Nous avons évoqué l’Internet des mers et des terres, qu’en est-il des
airs ? De plus en plus les connexions sont “mobiles”, et l’apparition
progressive de la norme 4G en France devrait permettre d’avoir du haut
débit sur son smartphone un peu partout. Les réseaux télécoms mobiles
sont d’ailleurs une chance pour les territoires dépouillés de réseau
filaires, comme en Afrique. Là-bas,
Internet passe d’abord par le ciel.
Autre solution : les satellites. Ce moyen était déjà utilisé pour
raccorder des endroits éloignés de tout, comme les îles. Aujourd’hui,
des projets comme
O3b,
ambitionne d’envoyer plusieurs engins en orbite moyenne autour de la
Terre, pour couvrir les zones laissé de côté par les réseaux filaires.

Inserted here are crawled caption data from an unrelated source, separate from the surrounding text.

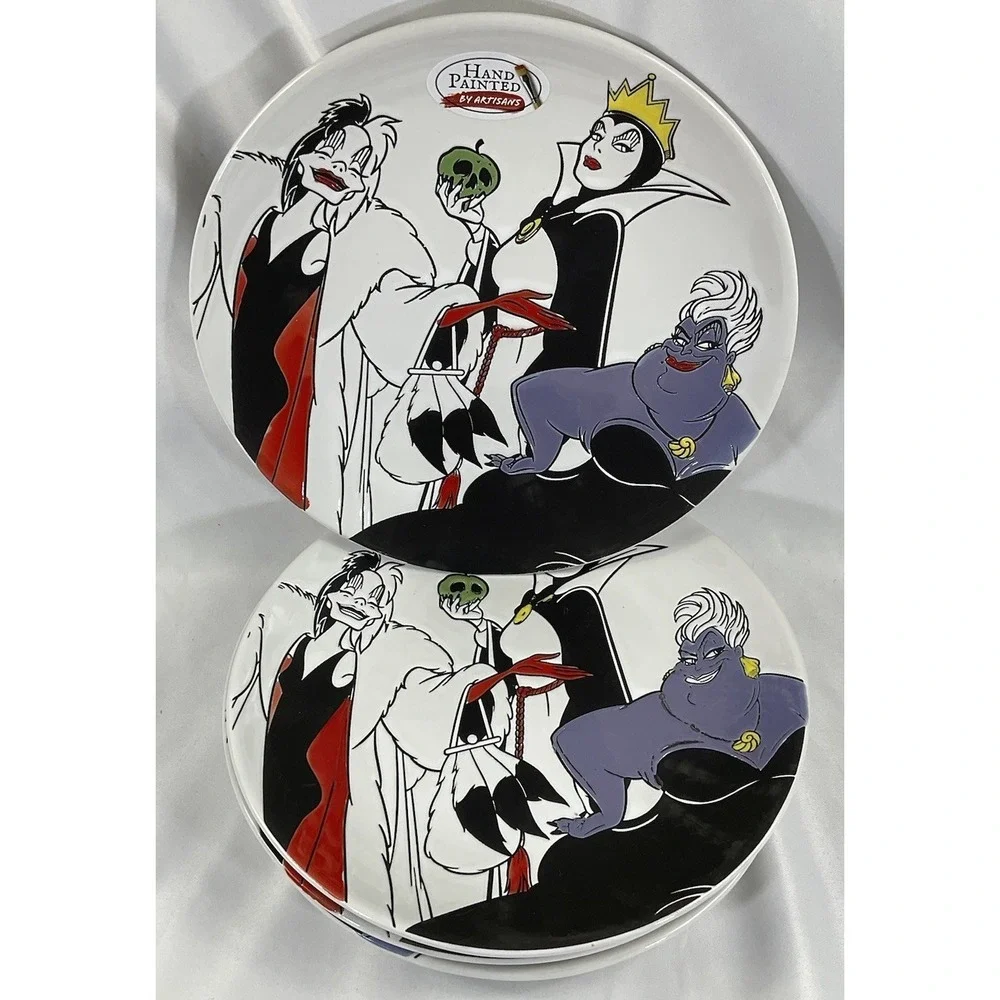Disney Villains Salad Plates Set Of 4 Wicked Queen Ursula & Cruella 8.25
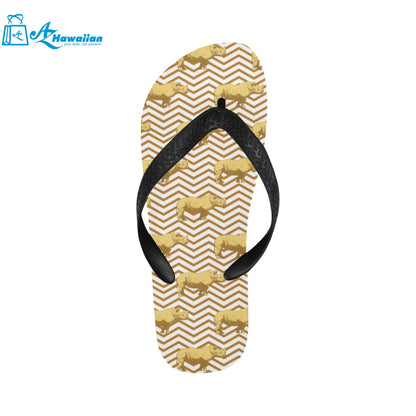 Rhino yellow theme pattern Unisex Flip Flops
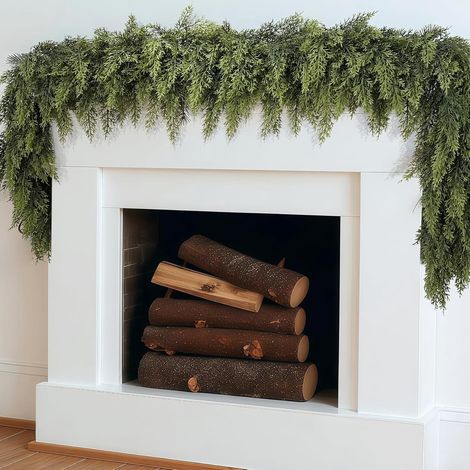 Guirlande De Noël En Cèdre Artificiel - 6 Pieds - Décoration Intérieure Et Extérieure Pour Cheminée Porte Mur Table - 2 Pièces (1/5)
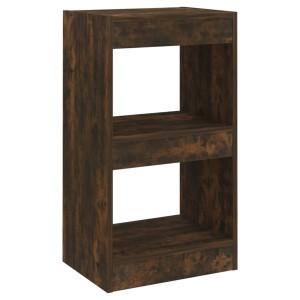 VidaXL Bücherregal/Raumteiler in Räuchereiche, 72cm hoch, mit 2 Fächern.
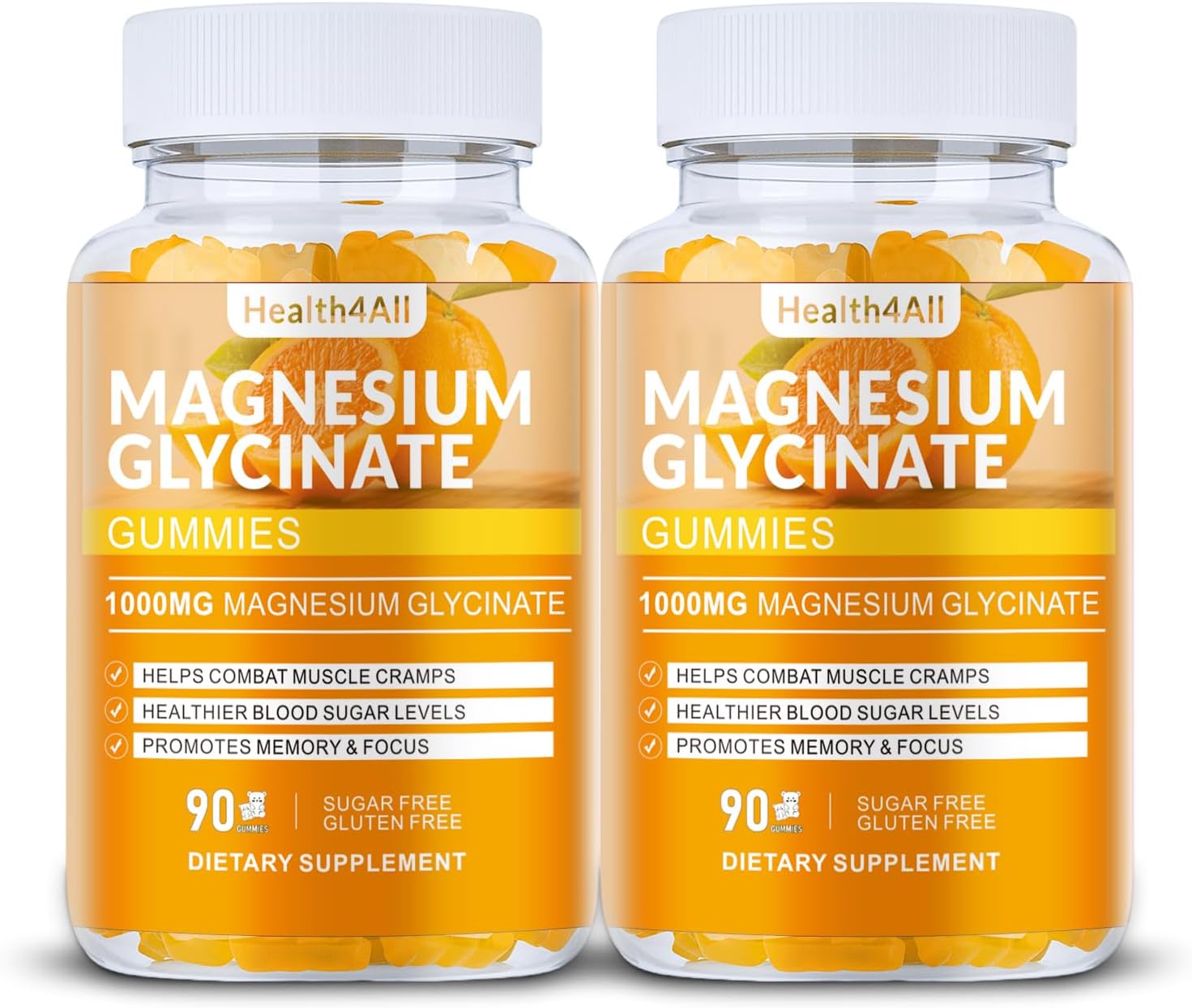 Magnesium Glycinate Gummies 1000mg, High Absorption Sugar Free Magnesium Potassium Supplement for Relaxation, Stress Relief, and Sleep Support for Adults & Kids - 180 Orange Gummies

Des initiatives louables, qui jouent la complémentarité avec le reste
des infrastructures. Cependant, cette technologie reste dans l’absolu
plus coûteuse et moins fiable que les câbles.
Mais mieux vaut un peu de connexion que pas du tout. Début 2013,
environ 2,5 milliards d’êtres humaines disposaient d’une connexion
Internet, mais les 4,5 milliards restants attendent toujours d’en voir
la couleur.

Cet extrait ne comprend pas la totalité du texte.